Reproduce all entries below verbatim. Skip the pictures.
─── Information shown ───
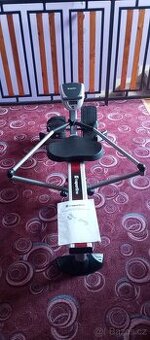 veslovací trenažér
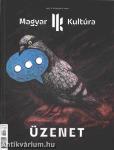 Magyar Kultúra Magazin - ÜZENET V. évfolyam 9. szám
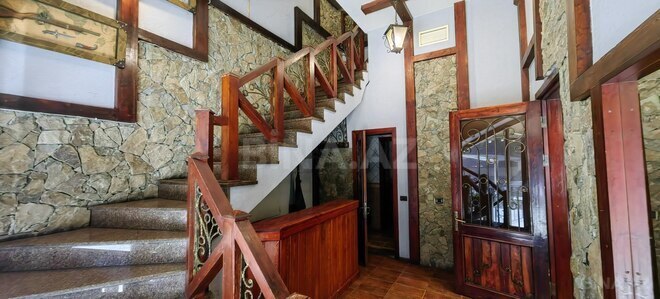 Satılır  obyekt 451 m², Nərimanov r., photo 9 from 16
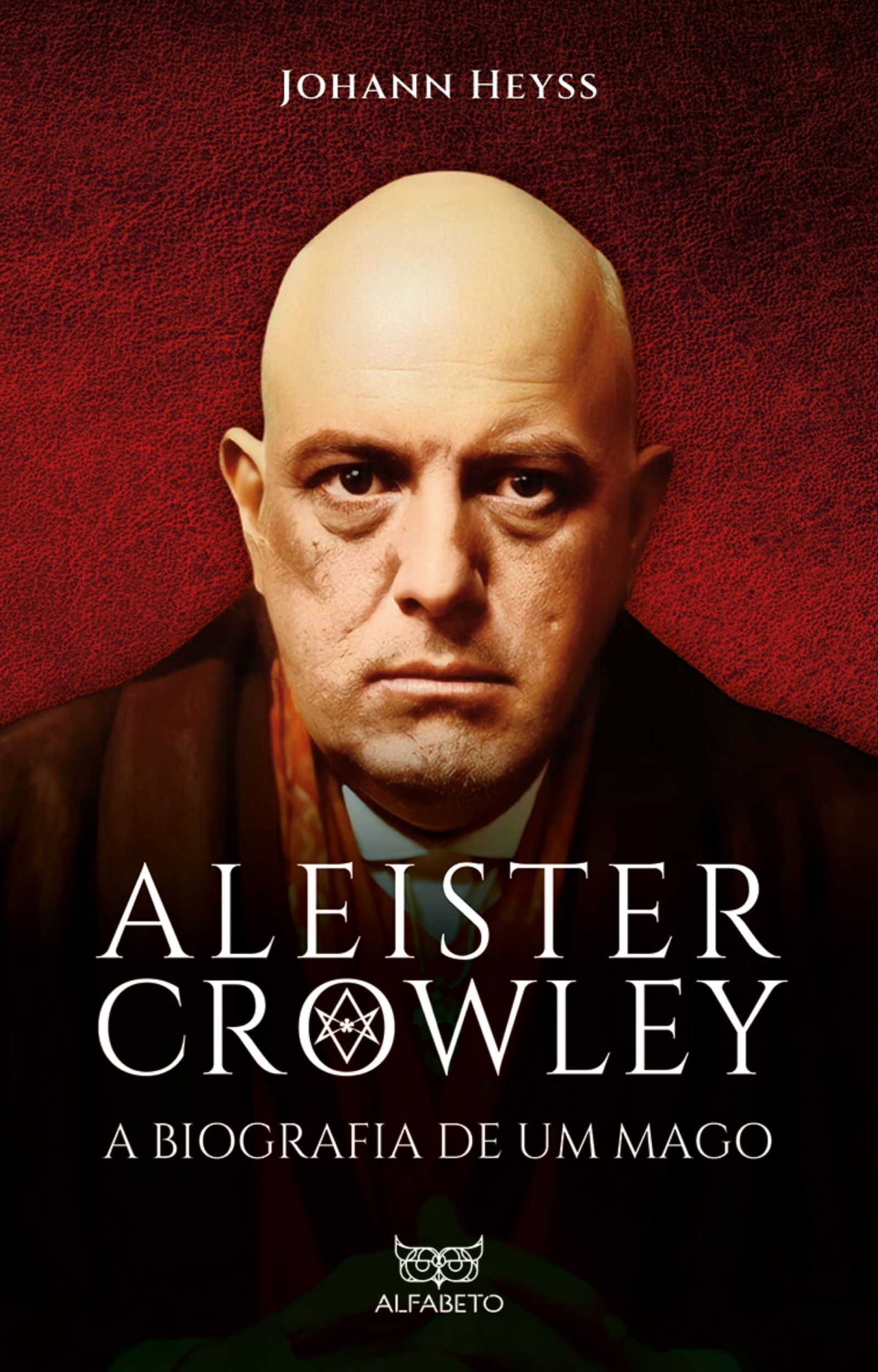 Aleister Crowley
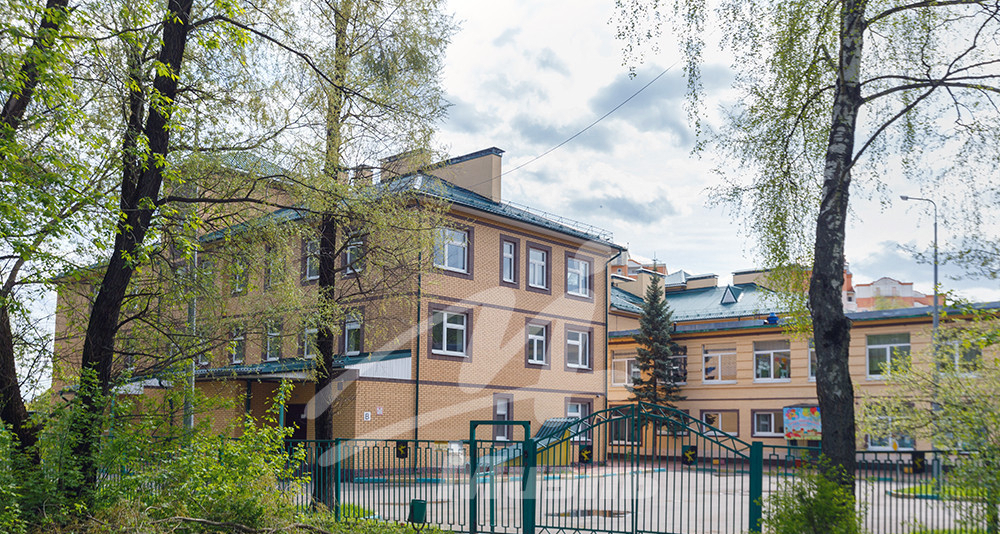 квартира г Химки мкр Подрезково Подрезково, м-н, Северная улица, 2 фото 14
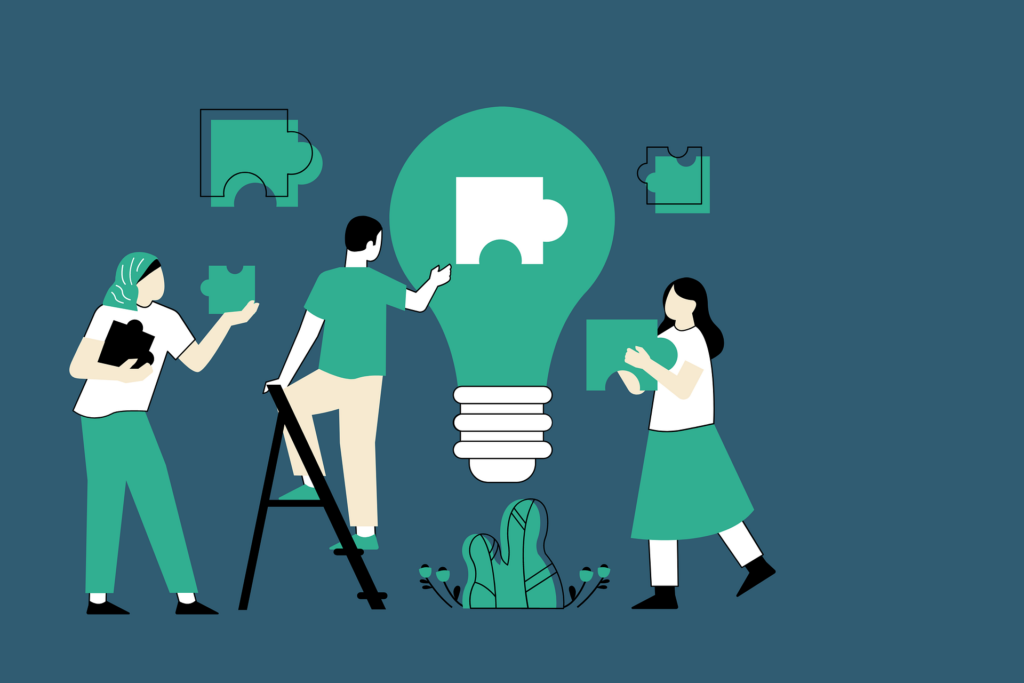 Website design challenges: Creating an engaging, fast, and accessible Light Therapy platform with smooth navigation.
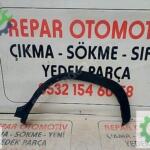 TOYOTA COROLLA CROSS SOL ARKA ÇAMURLUK DODİĞİ DODİK 75606-16010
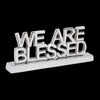 Inspired Generations Giftware Inspired Generations We Are Blessed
───
Answer space ->
 veslovací trenažér
 Magyar Kultúra Magazin - ÜZENET V. évfolyam 9. szám
 Satılır  obyekt 451 m², Nərimanov r., photo 9 from 16
 Aleister Crowley
 квартира г Химки мкр Подрезково Подрезково, м-н, Северная улица, 2 фото 14
 Website design challenges: Creating an engaging, fast, and accessible Light Therapy platform with smooth navigation.
 TOYOTA COROLLA CROSS SOL ARKA ÇAMURLUK DODİĞİ DODİK 75606-16010
 Inspired Generations Giftware Inspired Generations We Are Blessed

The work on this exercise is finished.